* WHAT THIS TASK INVOLVES
In the records below, the line that contains "Double-height porthole openings" marks the start. Copy it and each line after it through the end, exactly, without pictures.

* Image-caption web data

_ _ _ _

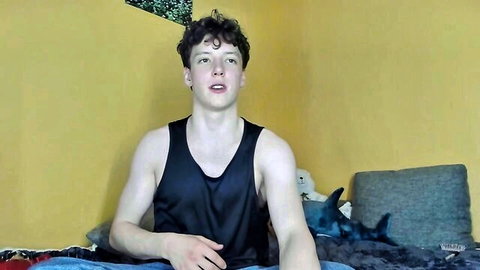 Emily0303 Chaturbate video thumbnail: curly-haired guy in tank top on bed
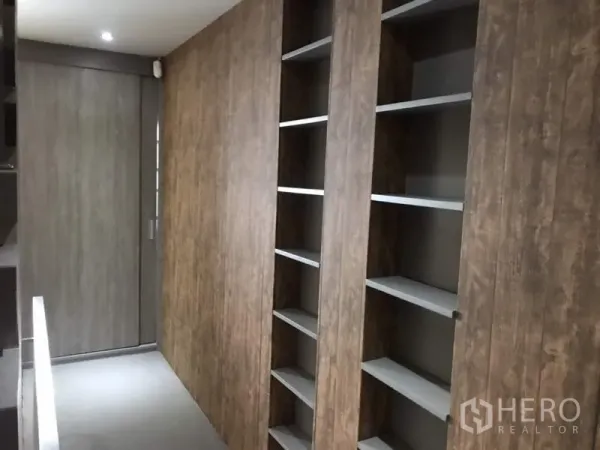 Townhouse for rent or sale in Suan Luang, Bangkok - Upper corridor with recessed lighting and floor-to-ceiling wood-paneled shelving and cabinets.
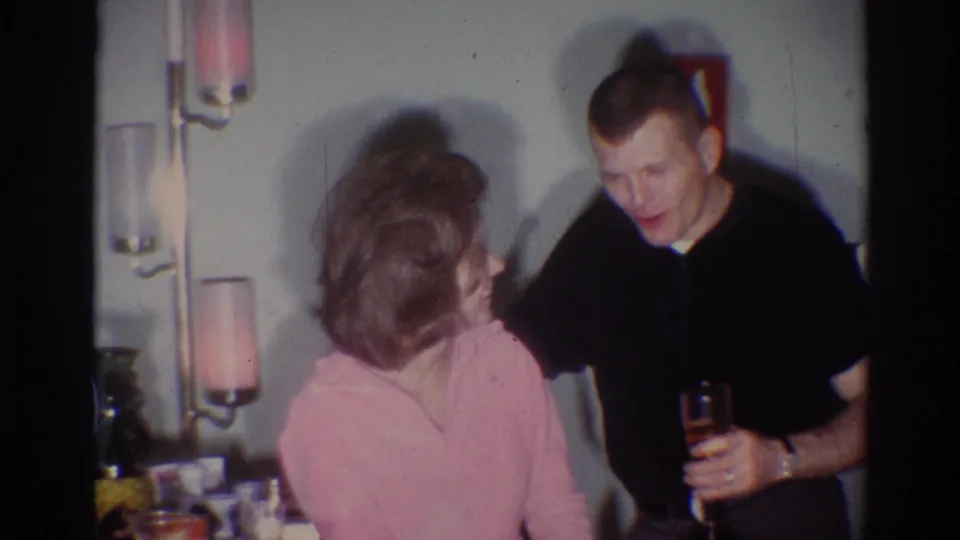 1967 Los Angeles home-movie frame of a man leaning toward a woman in pink while holding a drink during a casual indoor gathering.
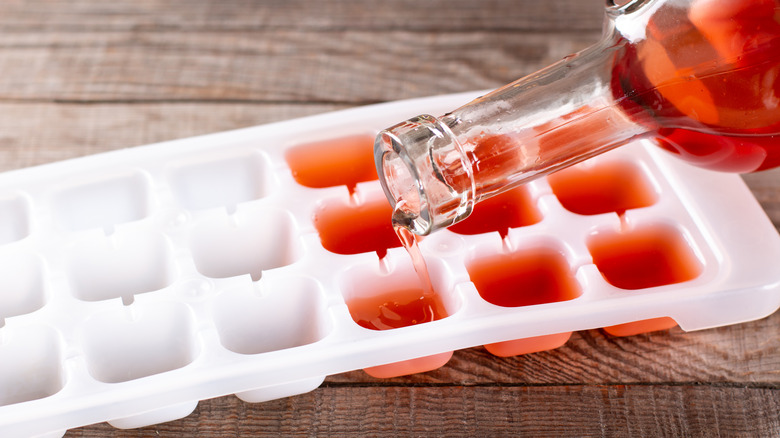 pouring red wine into ice cube tray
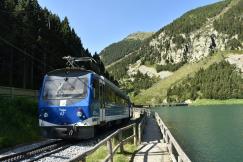 An illustrative photo of train on rail tracks near body of water.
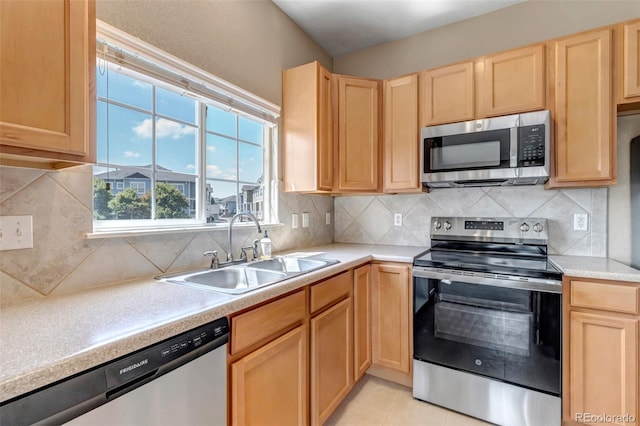 9387 Ashbury Cir Unit 203, Parker, CO 80134 - kitchen featuring stainless steel appliances, light brown cabinets, light countertops, backsplash, and light tile patterned flooring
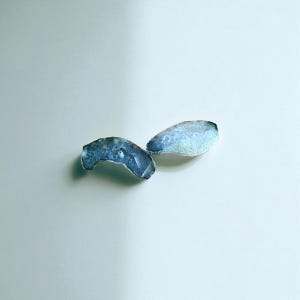 Puede incluir: Dos piedras de ágata azul pulidas de forma irregular. Las piedras tienen un borde exterior azul oscuro y un interior azul más claro, con unos pequeños agujeros. Las piedras están sobre un fondo blanco. Adecuado para joyería.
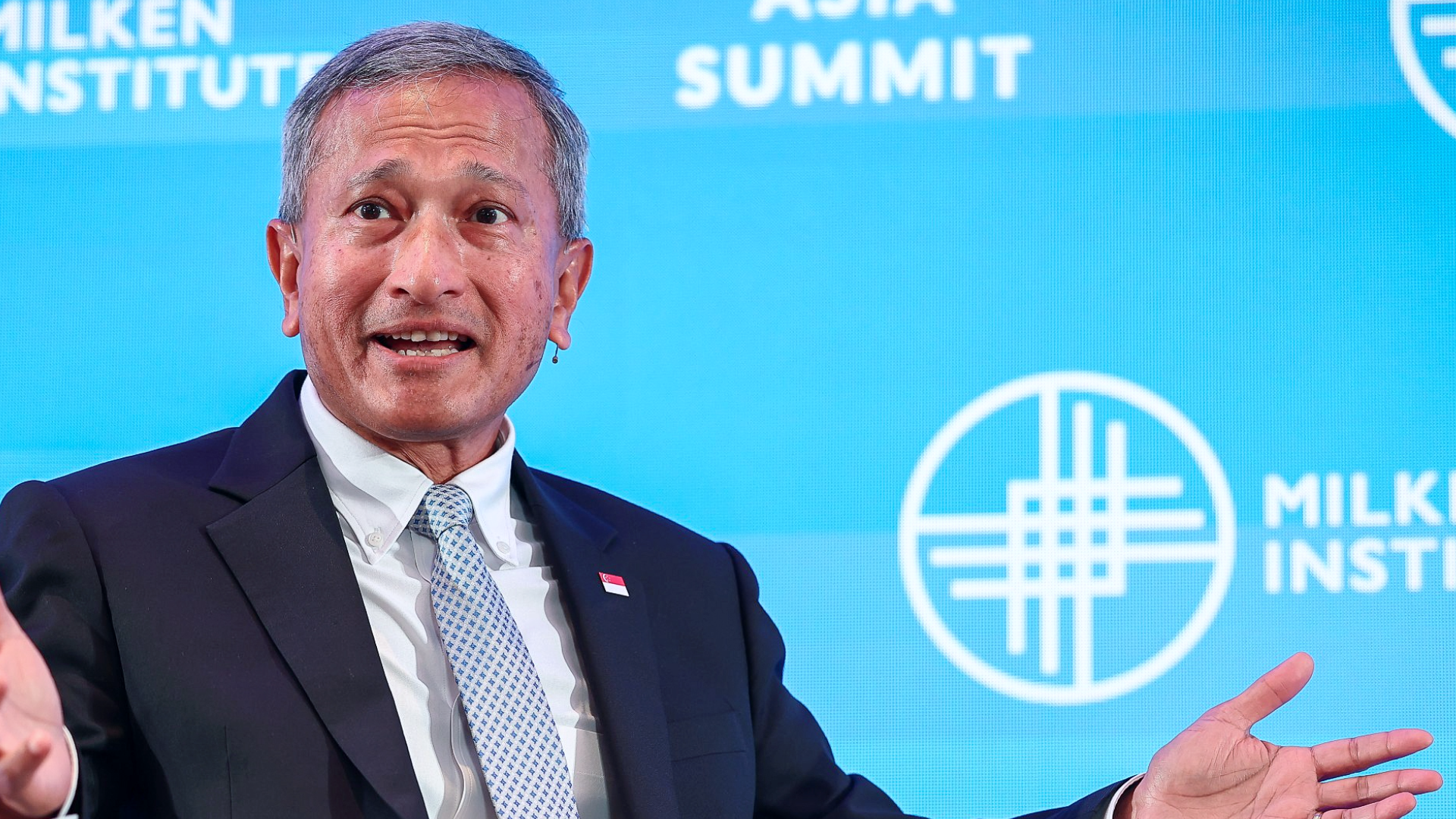 Vivian Balakrishnan speaking at Milken Institute Summit with blue backdrop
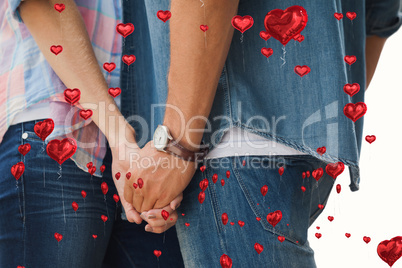 Composite image of hip young couple holding hands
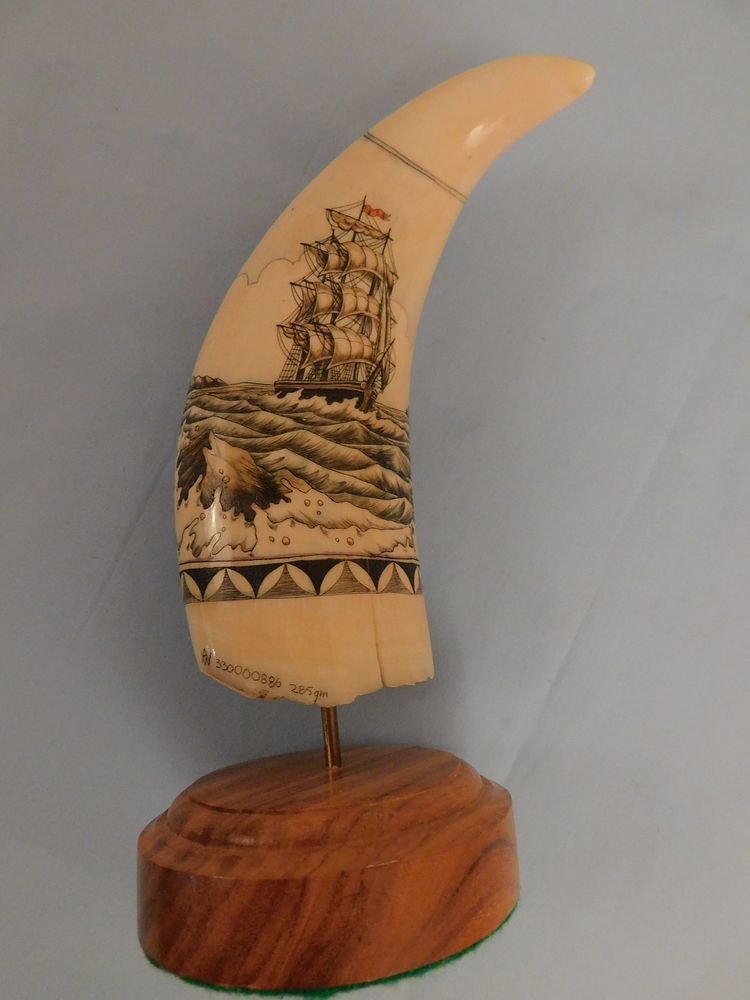 Appraisal: SCRIMSHAW MERMAID TOOTH Curved whale tooth on stand with scrimshaw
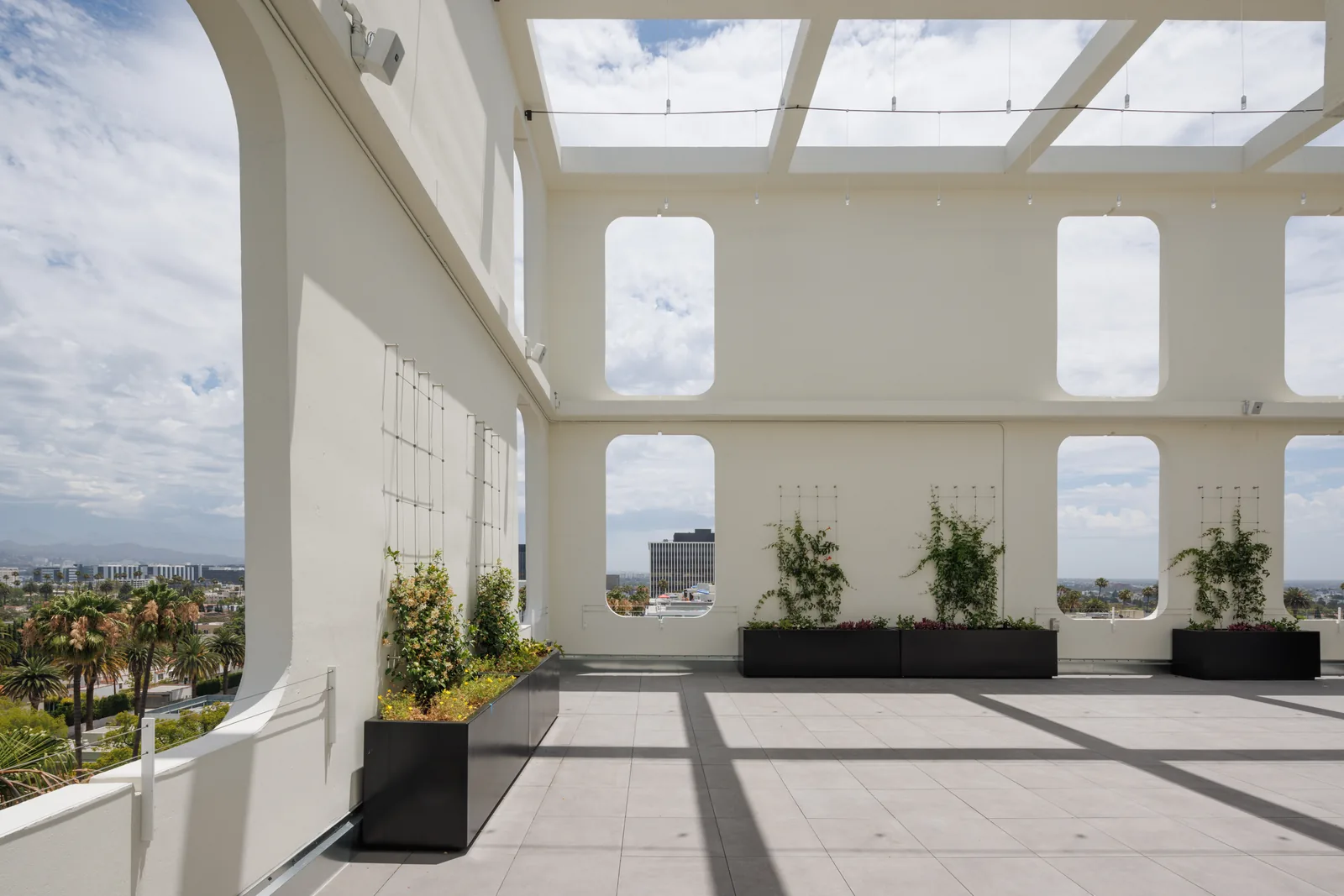 Double-height porthole openings framing the sky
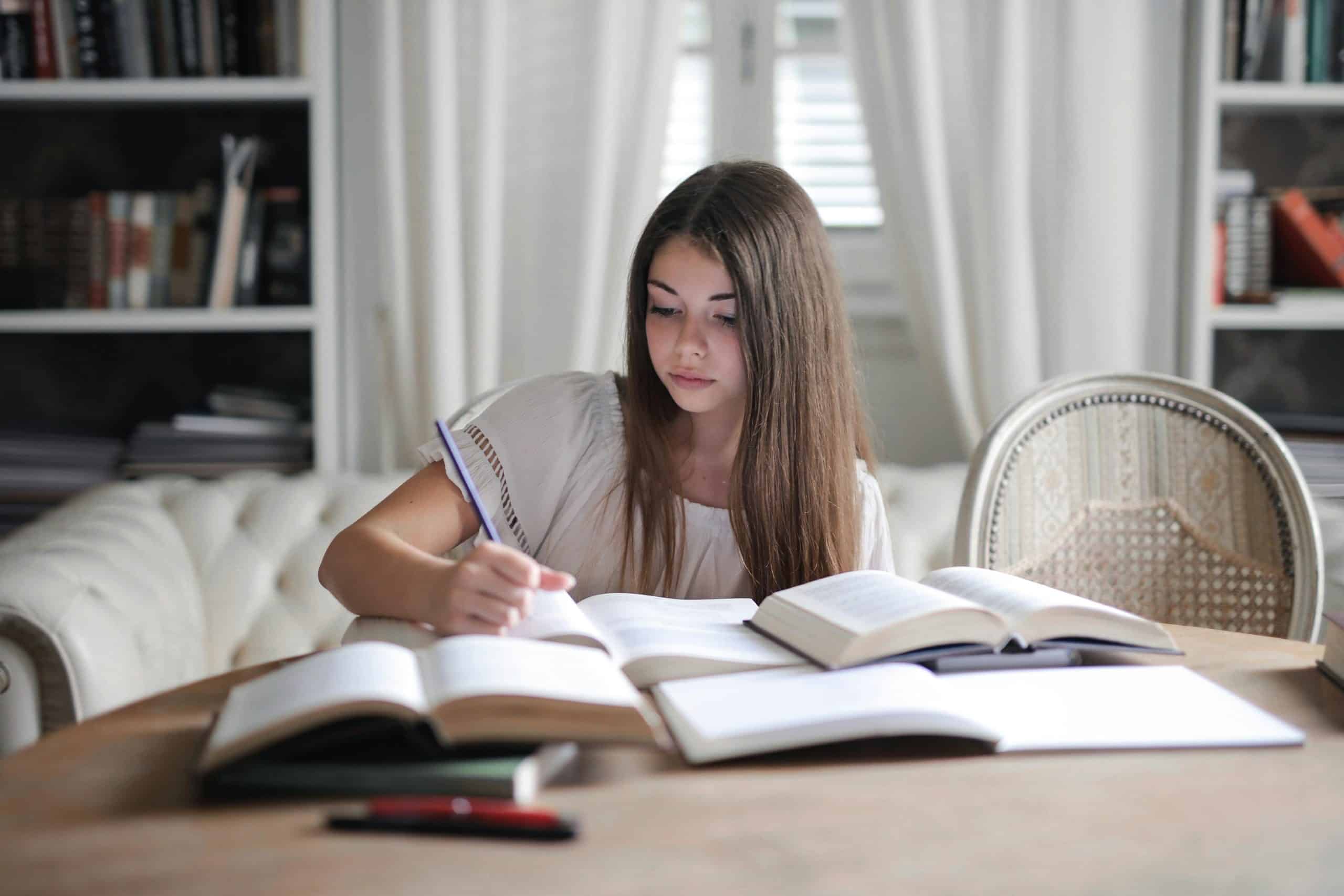 A high school student writes in a notebook while surrounded by open books, representing preparation for writing competitions for high school students.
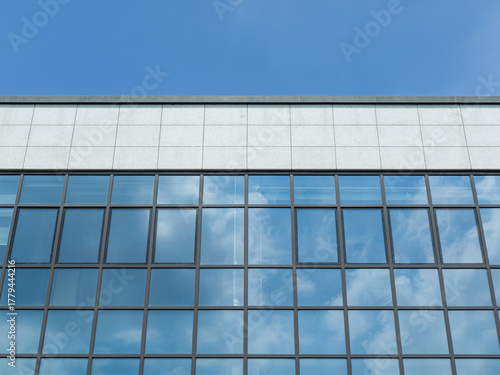 Modern building’s glass facade reflects blue sky and clouds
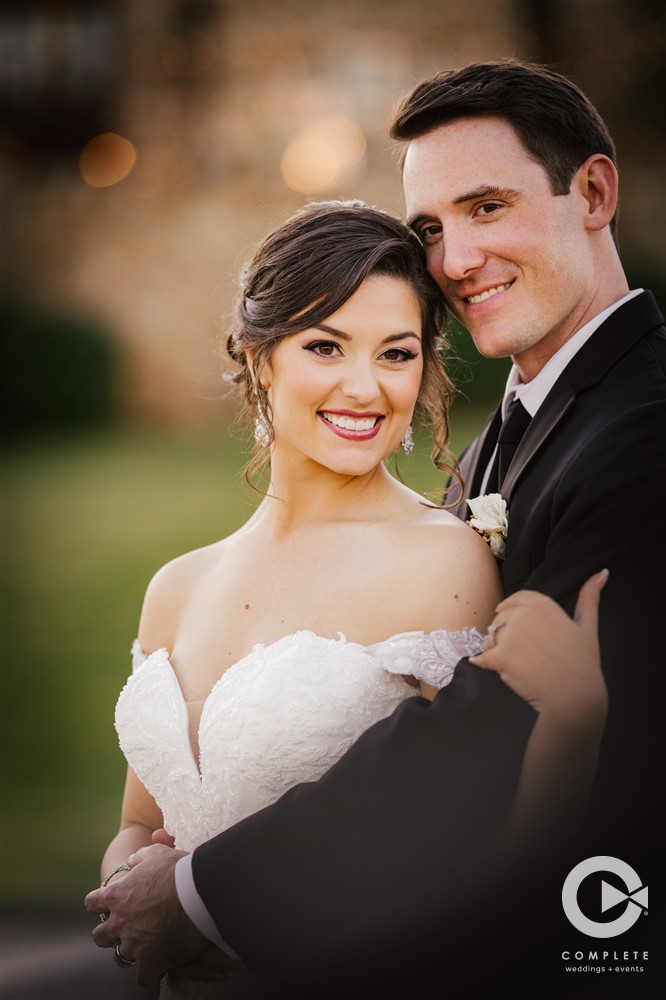 Groom holding bride in beautiful wedding photo bride smiles wide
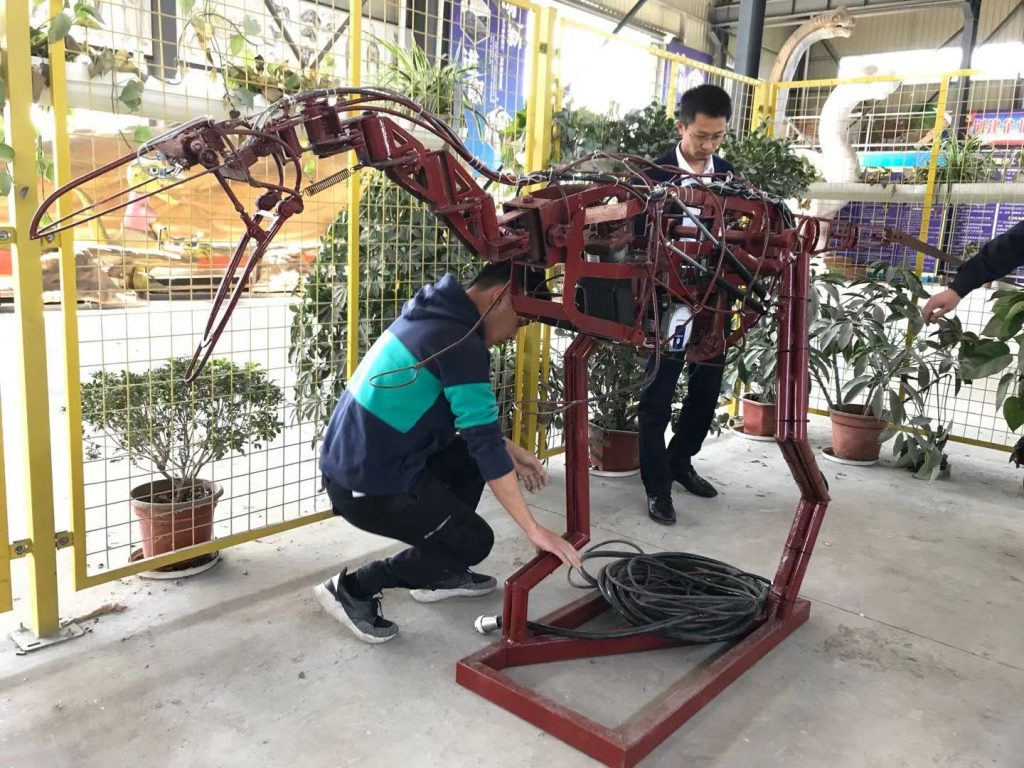 Behind-the-scenes view of animatronic dinosaur internal steel frame with body-mounted sensors cables and electronic control system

_ _ _ _

* WRITTEN RESPONSE
 Double-height porthole openings framing the sky
 A high school student writes in a notebook while surrounded by open books, representing preparation for writing competitions for high school students.
 Modern building’s glass facade reflects blue sky and clouds
 Groom holding bride in beautiful wedding photo bride smiles wide
 Behind-the-scenes view of animatronic dinosaur internal steel frame with body-mounted sensors cables and electronic control system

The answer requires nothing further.